WORK TASK
Only the lines from the one containing "Zona egizia alla" through the end of the listing below belong in your answer; retype them exactly.

DATASET SECTION
*-*-*

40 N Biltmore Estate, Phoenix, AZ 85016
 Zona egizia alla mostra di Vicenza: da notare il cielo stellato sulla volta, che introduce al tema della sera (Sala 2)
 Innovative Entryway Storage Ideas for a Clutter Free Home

*-*-*

FINISHED TASK
 Zona egizia alla mostra di Vicenza: da notare il cielo stellato sulla volta, che introduce al tema della sera (Sala 2)
 Innovative Entryway Storage Ideas for a Clutter Free Home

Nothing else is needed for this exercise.